How to Get Curious When You’re Not
One of your qualities is a sense of curiosity. I know that because curiosity is hard-wired into your brain. You fall somewhere on the curiosity continuum from minimally curious to intensely curious. If you are already a very curious person, you don’t need the information in this post. But if you’re only curious about a fairly narrow range of topics, and you know there are big benefits to expanding that range, there are some easy ways for you to get curious when you’re not.
Why Bother? The Benefits of Curiosity
Todd Kashdan is the pre-eminent researcher in the field of curiosity and the author of Curious? Discover the Missing Ingredient to a Fulfilling Life. He says that there is a simple and straightforward storyline explaining why curiosity is so important to a fulfilling life. It goes like this:
- When you’re curious, you explore.
- Exploration leads to discovery.
- Repetition of exploration and discovery leads to competence and mastery.

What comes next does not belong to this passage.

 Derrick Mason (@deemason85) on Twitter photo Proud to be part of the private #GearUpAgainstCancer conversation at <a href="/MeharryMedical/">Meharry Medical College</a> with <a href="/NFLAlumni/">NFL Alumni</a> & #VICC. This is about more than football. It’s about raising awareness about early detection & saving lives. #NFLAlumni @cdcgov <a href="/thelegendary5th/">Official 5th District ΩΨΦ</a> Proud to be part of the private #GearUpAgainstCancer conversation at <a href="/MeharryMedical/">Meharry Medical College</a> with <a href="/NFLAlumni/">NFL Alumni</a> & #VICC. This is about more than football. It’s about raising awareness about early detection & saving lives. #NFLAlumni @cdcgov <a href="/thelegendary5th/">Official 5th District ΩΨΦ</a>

- When you experience competence and mastery, your knowledge and skills grow.
- That makes you stretch and expand who you are and changes your sense of what your life is about.
- Which makes you more intelligent and infuses your life with meaning that wouldn’t have been there if you hadn’t been curious.
When Should You Deliberately Try to Get Curious?
There are three kinds of activities where it’s beneficial to get curious when you’re not.
Curiosity is different than other ways of being fulfilled in that it’s about appreciating and seeking out the new.Todd Kashdan
- activities you really enjoy and want to keep doing. Curiosity feeds energy so it’s easier to keep going.
- tasks you have to do that you don’t want to do like housework or making difficult phone calls. Curiosity makes these tasks more meaningful.
- activities that have the potential to enrich your life. Curiosity will show you that potential so you will want to participate in the activity.
How Do You Get Curious When You’re Not?
- Be in a good mood. When your mood is positive, your brain is more easily convinced that what you’re doing is fun and interesting.
- Spend time with very curious people. They are usually good and supportive guides because they understand your uncertainty.
- Clarify your values. When an activity is consistent with a value, you’ll tend to consider it important and more interesting.
- If you want to get curious about an unappealing activity, do the activity but with a focus on identifying three novel or unique things about it. There’s research to show that this increases the likelihood that you will participate in the activity again.
- Process your experience through writing or by talking with someone about what you have discovered. This works because it makes the event more prominent in your memory, and prominent events are remembered as more interesting. A caution though – If talking with someone, make sure it’s someone who is interested. Otherwise it’s likely that your curiosity will take a nosedive.
Favourite Curiosity Quotes
“The cure for boredom is curiosity. There is no cure for curiosity.” Dorothy Parker
“Curiosity is…insubordination in its purest form.” Vladimir Nabokov
“Curiosity will conquer fear even more than bravery will.” James Stephens
“The important thing is not to stop questioning; curiosity has its own reason for existing.” Albert Einstein
“Sell your cleverness and purchase bewilderment.” Rumi
Has there been a time when you’ve found a way to get curious when you’re not? Has curiosity ever increased your interest in an activity?